In the rules they give a section of hints. It’s worth talking about these as they hit on some of what makes this game so great. Some of them we’ve already discussed. Here’s the rest:

  • “Caylus is an evolutive game [and I learned a new word today]. Depending on the players’ choices (which buildings should they build first? Will there be a lawyer? When will the mason arrive on the board?), the game will develop in different ways. Some games will see huge resources, others won’t. Some games will see the construction of prestige buildings, others won’t. However, the players will have to take advantage of the tough situations they will face. Here is some advice to help them make the most of their first games.
  • Passing order: the later you pass, the more you will influence the provost’s move (if you have deniers, of course). The provost is extremely important to determine which workers will be activated and how fast the counts will come. A player who passes early and whose workers are too far on the road will probably be the victim of his opponents, who won’t hesitate to club together to make the provost go backward! On the contrary, a player who passes late can spend the deniers needed to activate all of his workers.
  • Special buildings: It is necessary to use special buildings cleverly if you want to win the game. The gate allows you to temporize [I want to use this word all the time now. Well, not just yet], and pass later to hide your intentions. The trading post provides money at the best moment (that is right before the provost moves). The guild is an economical way to move the provost. The joust field allows you to take advantage of the King’s favor without having to build the castle. The first place in the stables allows you to ensure an important action for the next turn. The inn, especially in games with numerous players, allows you to save money or place more workers.
  • The lawyer: You must choose carefully which building will be transformed by the lawyer. A player can destroy a neutral building which challenges one of their own buildings, or even destroy the marketplace to deprive all the players of a source of income.”

2 Players

  • The scarcity of resources is not as severe. You won’t have to think so much about earning Royal Favours.
  • In a 2 player game you don’t have to fear the other players ganging up on you after you passed early and destroying your plans with the provost.
  • But a 2 player game is still very fun. I will play this game at any head count permitted. I’m home alone, save for the cat?
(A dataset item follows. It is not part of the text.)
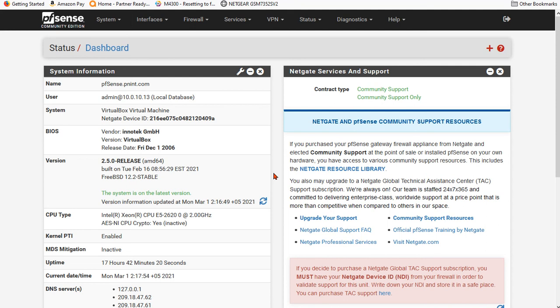Our last video covered inter-VLAN routing setup on a switch, and now we're going to tie this all together with the actual router. I'm using PFSense.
Get your furry butt up on the chair Hodge, we’re playing Caylus. Stop pawing at your workers, there’s denier everywhere now! Is this my money or yours? No, it’s not real money. Well, I don’t give you an allowance any more because we both remember what happened with the whole Online Gambling Addiction thing, correct? Ok. Anyway, your move.

Why we love this game

  • Like any satisfying brain burner, this game comes down to agonizing decisions. Decisions that must be made quickly because there are other people waiting to make the painful choices that will rupture their prefrontal cortex.
  • The theme is light, but not entirely abstract. It’s 1289? We’re in France? Alright. The decisions in the game don’t feel life and death, but that also allows you to make them fairly quickly. Also, there’s more than 3 decisions so you don’t feel the paralyzing fear of making the wrong one. It’s OK. Breathe. You’ll get to place another worker. You can catch up. No, you ate all the catnip last week Hodge. Go back to sleep.

The Caylus App

  • While it doesn’t capture the feel of the physical game, not many apps do. Besides, oftentimes the cat is napping or refuses to play due to some intra-house territory dispute and one is forced to play alone or not play at all. To the tablet, I say!
  • But do the decisions feel as critical as when you are sitting around with a group of people? Does the AI threaten to crush you? I don’t know about that, but it’s still somewhat satisfying.